The document is central to understanding the depth of the case, in terms of the legal aspects and the rights of the artist, in this case two artists.  It begs the question and reality of why a more famous artist should have an advantage and monopoly over other less prominent artist’s works, and notes that this cannot be taken for granted.  This article goes into depth of how Koons’ work could be fair use and where the loopholes exist.  However, it is important to establish in law the ‘Ownership of Copyright in an Original Work of Art’, (I, § 8 of the United States Constitution) for a certain time period, which seeks to promote the progress of science and the arts.  Thus, Rogers’ has some claim over his work for a period of time, which he is entitled to.

Enough "substantial similarity" was found in Koons' three dimensional sculpture and the postcard, that the average person could see it, thus it was not transformative enough.  The court found copyright infringement for both this reason, and because Koons had removed the copyright notice unlawfully.

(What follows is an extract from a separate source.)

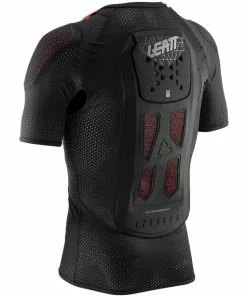 Leatt AirFlex Stealth Protektor-Tee Schwarz 5 Leatt AirFlex Stealth Protektor-Tee Schwarz -Günstiges Kleidung Geschäft leatt airflex stealth body tee protector black 2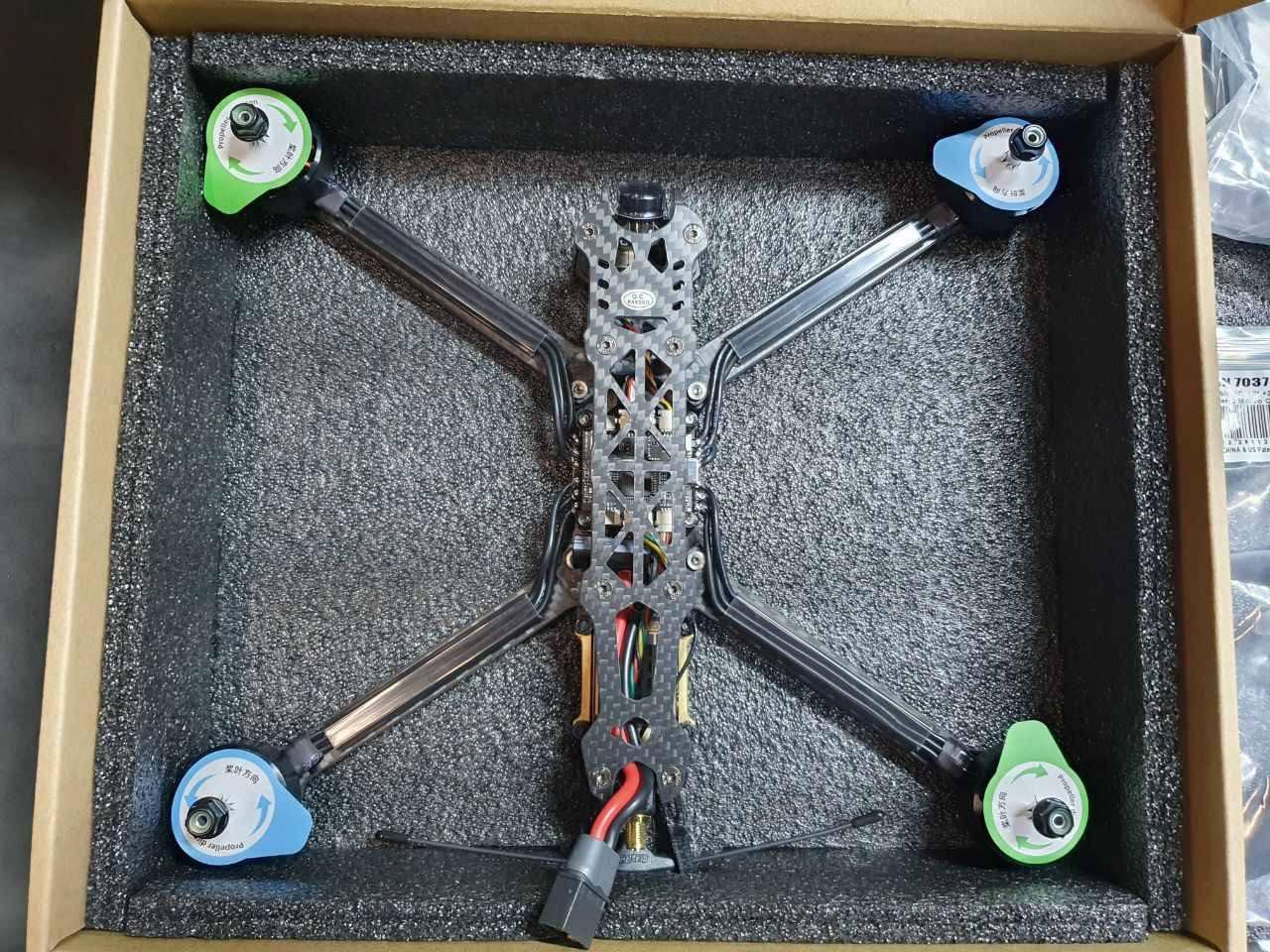 Квадрокоптер MARK4 7-inch ELRS915 5.8G 1.6 W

The New York Times article lays out the case, and asks three important questions, central to artists of the 21st century and our understanding of art today: "What is art? At what point does artistic freedom end and copyright infringement begin? And will enforcing copyright restrictions deprive artists of their First Amendment rights?" Contemporary artists like Jeff Koons and Damien Hirst are constantly pushing the boundaries.  In their defense lawyers argue that these artists take the everyday, the mass culture and the mundane, and elevate it to a new meaning.  By blowing the original up, or encasing it, the artist gives imparts a new found symbolism on the artistic work.  However, artists like Jeff Koons are increasingly testing those boundaries.  This is where fair use comes into play.  When is something not quite transformative enough?  When is the original work lost, and when this happens this is unjust to the original artist.  This article brings up these issues and gets us asking where the boundaries lie and how to decide when they are crossed.  It is a problem in the art world that is encapsulated in the controversy of Koons' work but reaches far beyond it. 

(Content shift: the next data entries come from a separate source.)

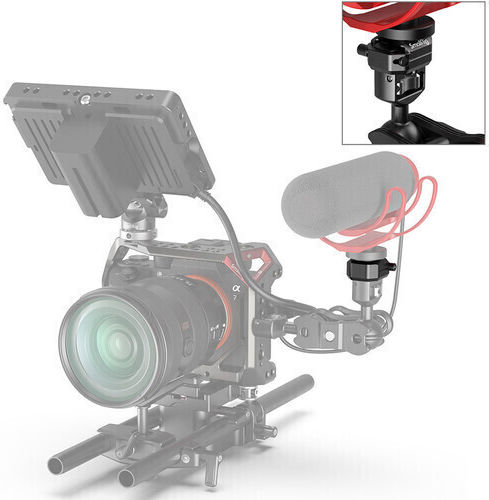 SmallRig Multi-Functional Cold Shoe Mount with Safety Release Accessory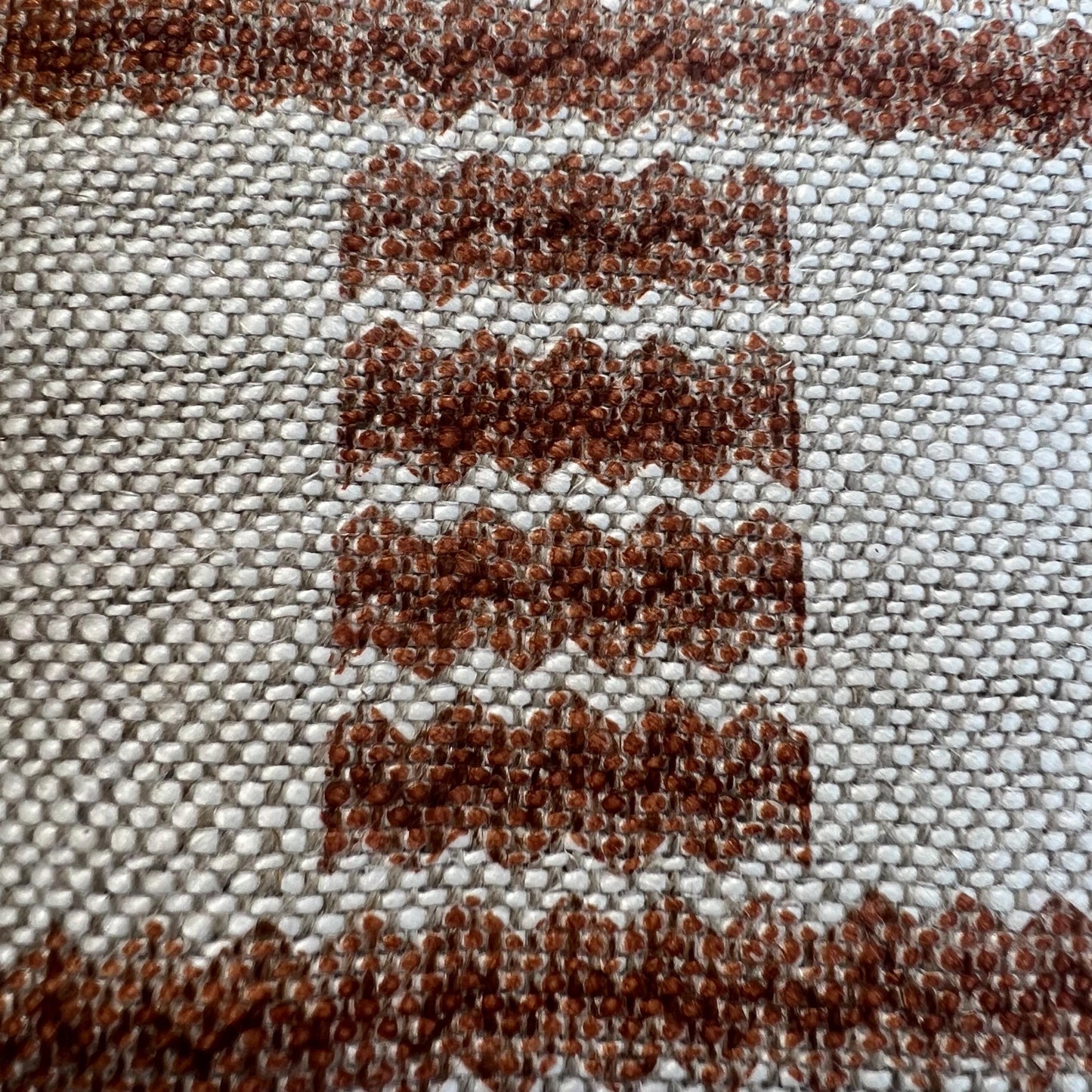 Cushions Made In Fermoie Cove Linen Luxury Designer Decorative Rust Neutral Cushion Pillow Throw Cover
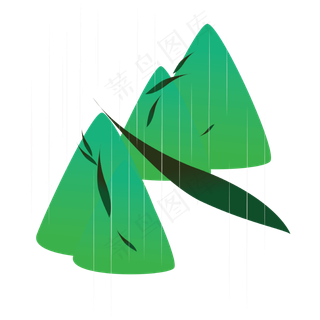 清明节绿水青山思乡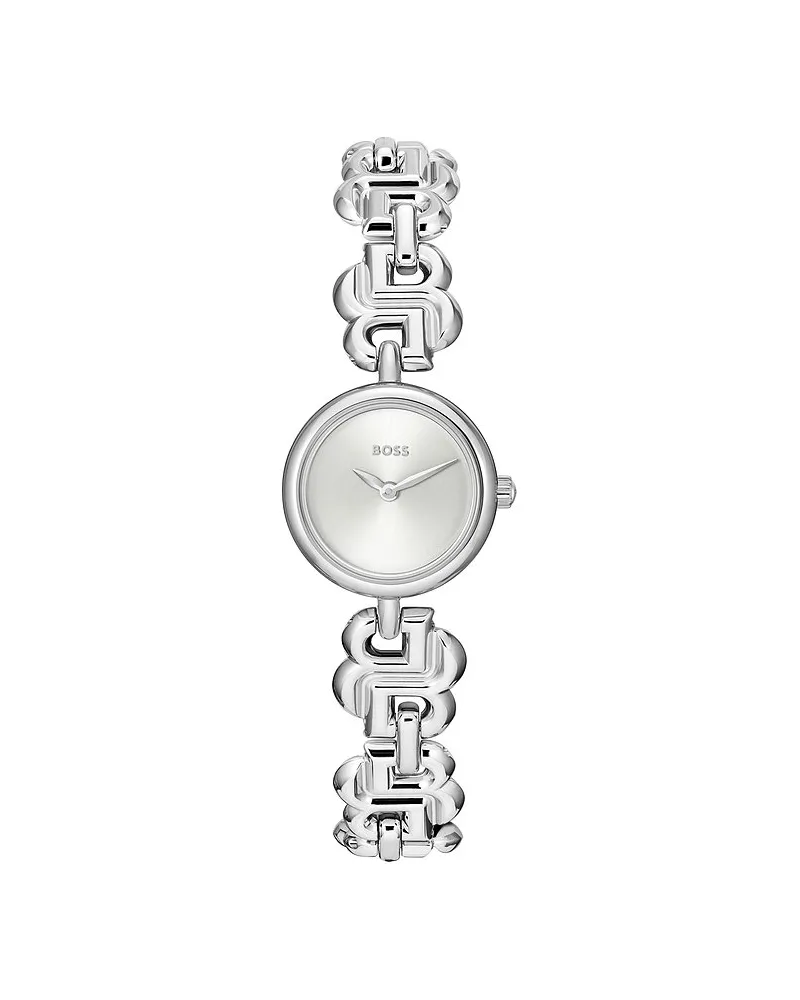 HUGO BOSS Damenuhr DOUBLE B DRESSY Silber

This article from Art Law department at Harvard explains that artists have certain rights within the creation of their works.  One-way is through appropriation art: the quoting of work from other artists.  Artists borrows elements from the original that may stay completely unchanged, however, the new work uses the original to create something new.  Appropriation art took place as far back as Raphael’s Judgment of Paris c.1515, which was since lost but one of the artist’s employees, Raimondi, made an etching of it, which proceeded to be copied over and over.  Three centuries later, Manet took part of this image and inserted it into his painting, Le Dejeuner Sur L’Herbe.  A century later, Picasso translated Manet’s work in a series of paintings.   Thus, artists’ have always relied on being inspired and influenced by earlier works.

The Roger v. Koons (1992) case, wherein Jeff Koons commissioned a sculpture of Art Roger's photograph postcard, and in so doing, violated Rogers’ copyright of his original work, is regarded as the primary modern day case of appropriation art.  Koons’ work copies the original exactly, although the puppies are painted a vivid blue, have bulbous noses, and the two figures are decorated with three flowers, which does not occur in the original.

Koons has been in a number of cases in which he has tried to argue for parody or satire, for example, in order to deem his work transformative enough from the original, and thus fair use.  Appropriation art is a major get-out-of-jail free card, that gives artists the ‘artistic license’ that is arguably essential in creating great works, as exemplified by the fact that the most well recognized artists have been doing this for centuries.